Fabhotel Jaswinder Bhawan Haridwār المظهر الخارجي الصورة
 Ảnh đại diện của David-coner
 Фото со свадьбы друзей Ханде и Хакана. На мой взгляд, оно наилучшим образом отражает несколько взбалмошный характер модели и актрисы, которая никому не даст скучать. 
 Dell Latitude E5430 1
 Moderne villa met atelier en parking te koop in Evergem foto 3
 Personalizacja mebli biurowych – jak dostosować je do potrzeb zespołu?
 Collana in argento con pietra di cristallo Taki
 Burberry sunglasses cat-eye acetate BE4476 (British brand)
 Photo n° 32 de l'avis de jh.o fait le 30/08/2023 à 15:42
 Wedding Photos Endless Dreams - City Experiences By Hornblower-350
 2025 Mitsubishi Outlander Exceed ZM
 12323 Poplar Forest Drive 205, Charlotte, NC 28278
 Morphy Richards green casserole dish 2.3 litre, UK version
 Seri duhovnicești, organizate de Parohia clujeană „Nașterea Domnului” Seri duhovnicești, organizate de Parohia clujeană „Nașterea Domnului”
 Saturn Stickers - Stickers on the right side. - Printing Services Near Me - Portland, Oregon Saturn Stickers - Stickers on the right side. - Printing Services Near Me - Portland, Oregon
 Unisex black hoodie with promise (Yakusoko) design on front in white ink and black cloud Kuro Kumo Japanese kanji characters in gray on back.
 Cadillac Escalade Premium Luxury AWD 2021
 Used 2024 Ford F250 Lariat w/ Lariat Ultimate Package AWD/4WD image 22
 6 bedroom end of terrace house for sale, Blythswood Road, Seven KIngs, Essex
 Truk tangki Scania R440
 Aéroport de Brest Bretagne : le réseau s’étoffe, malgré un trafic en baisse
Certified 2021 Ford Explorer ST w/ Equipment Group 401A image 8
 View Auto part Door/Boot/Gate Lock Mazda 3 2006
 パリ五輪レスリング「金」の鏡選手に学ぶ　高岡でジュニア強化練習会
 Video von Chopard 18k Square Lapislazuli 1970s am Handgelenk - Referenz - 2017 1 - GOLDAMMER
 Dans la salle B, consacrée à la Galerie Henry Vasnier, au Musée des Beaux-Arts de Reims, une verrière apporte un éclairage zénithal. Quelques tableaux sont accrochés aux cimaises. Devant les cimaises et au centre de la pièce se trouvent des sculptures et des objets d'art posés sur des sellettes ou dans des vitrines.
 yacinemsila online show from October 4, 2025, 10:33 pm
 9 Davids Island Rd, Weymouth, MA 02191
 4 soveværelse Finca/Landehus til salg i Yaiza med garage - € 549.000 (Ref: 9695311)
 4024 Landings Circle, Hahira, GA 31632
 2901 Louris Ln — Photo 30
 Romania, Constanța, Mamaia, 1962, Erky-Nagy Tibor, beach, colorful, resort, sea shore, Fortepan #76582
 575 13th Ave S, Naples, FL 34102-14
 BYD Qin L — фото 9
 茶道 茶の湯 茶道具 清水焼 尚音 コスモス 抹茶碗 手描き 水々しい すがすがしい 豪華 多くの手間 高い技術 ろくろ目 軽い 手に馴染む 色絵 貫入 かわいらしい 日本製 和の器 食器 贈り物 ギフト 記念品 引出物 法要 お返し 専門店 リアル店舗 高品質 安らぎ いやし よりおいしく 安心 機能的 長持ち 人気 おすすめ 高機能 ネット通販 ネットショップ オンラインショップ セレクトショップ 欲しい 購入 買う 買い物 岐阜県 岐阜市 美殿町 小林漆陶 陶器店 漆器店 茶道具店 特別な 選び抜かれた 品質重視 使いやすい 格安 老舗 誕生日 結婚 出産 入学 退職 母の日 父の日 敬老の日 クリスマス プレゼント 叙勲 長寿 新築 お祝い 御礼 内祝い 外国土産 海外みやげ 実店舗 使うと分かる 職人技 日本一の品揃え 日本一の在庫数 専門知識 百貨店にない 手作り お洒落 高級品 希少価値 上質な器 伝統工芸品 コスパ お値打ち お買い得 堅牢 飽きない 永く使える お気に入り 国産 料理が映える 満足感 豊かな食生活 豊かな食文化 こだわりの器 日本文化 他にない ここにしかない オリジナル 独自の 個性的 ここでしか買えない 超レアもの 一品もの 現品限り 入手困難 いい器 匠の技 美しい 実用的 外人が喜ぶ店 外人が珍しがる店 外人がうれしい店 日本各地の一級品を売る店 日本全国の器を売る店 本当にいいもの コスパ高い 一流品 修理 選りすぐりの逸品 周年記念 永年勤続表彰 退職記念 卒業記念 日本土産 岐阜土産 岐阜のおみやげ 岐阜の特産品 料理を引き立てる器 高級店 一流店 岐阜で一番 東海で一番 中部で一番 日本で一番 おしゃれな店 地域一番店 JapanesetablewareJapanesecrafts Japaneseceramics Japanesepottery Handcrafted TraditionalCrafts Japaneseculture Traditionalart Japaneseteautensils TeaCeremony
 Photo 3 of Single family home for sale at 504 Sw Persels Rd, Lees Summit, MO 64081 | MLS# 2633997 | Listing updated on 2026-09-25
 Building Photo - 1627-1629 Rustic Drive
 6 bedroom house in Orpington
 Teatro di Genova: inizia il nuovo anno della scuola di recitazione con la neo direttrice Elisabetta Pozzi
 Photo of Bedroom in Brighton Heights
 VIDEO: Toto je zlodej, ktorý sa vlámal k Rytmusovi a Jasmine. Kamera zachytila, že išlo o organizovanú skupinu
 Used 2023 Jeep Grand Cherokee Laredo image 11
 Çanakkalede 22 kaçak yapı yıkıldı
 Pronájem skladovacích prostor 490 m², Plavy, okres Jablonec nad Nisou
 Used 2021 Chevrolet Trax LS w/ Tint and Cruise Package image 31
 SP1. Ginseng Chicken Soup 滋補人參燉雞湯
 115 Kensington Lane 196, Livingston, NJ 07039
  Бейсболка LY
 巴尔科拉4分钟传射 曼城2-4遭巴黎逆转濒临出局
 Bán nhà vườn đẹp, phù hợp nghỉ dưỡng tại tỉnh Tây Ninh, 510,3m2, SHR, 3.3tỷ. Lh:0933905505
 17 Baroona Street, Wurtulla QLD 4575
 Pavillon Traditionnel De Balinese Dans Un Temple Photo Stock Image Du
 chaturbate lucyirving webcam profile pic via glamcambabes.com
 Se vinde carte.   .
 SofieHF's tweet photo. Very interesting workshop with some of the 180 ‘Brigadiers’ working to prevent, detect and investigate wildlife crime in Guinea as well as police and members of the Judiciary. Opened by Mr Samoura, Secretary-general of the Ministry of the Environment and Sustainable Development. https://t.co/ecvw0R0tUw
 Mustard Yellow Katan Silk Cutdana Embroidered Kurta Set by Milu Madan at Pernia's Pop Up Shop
-*-
YOUR ASSIGNMENT: Set down again, word for word, the stretch of records from the line with "Burberry sunglasses cat-eye" to the line with "Video von Chopard", both of those lines included.

SOLUTION TO THE PROBLEM:
 Burberry sunglasses cat-eye acetate BE4476 (British brand)
 Photo n° 32 de l'avis de jh.o fait le 30/08/2023 à 15:42
 Wedding Photos Endless Dreams - City Experiences By Hornblower-350
 2025 Mitsubishi Outlander Exceed ZM
 12323 Poplar Forest Drive 205, Charlotte, NC 28278
 Morphy Richards green casserole dish 2.3 litre, UK version
 Seri duhovnicești, organizate de Parohia clujeană „Nașterea Domnului” Seri duhovnicești, organizate de Parohia clujeană „Nașterea Domnului”
 Saturn Stickers - Stickers on the right side. - Printing Services Near Me - Portland, Oregon Saturn Stickers - Stickers on the right side. - Printing Services Near Me - Portland, Oregon
 Unisex black hoodie with promise (Yakusoko) design on front in white ink and black cloud Kuro Kumo Japanese kanji characters in gray on back.
 Cadillac Escalade Premium Luxury AWD 2021
 Used 2024 Ford F250 Lariat w/ Lariat Ultimate Package AWD/4WD image 22
 6 bedroom end of terrace house for sale, Blythswood Road, Seven KIngs, Essex
 Truk tangki Scania R440
 Aéroport de Brest Bretagne : le réseau s’étoffe, malgré un trafic en baisse
Certified 2021 Ford Explorer ST w/ Equipment Group 401A image 8
 View Auto part Door/Boot/Gate Lock Mazda 3 2006
 パリ五輪レスリング「金」の鏡選手に学ぶ　高岡でジュニア強化練習会
 Video von Chopard 18k Square Lapislazuli 1970s am Handgelenk - Referenz - 2017 1 - GOLDAMMER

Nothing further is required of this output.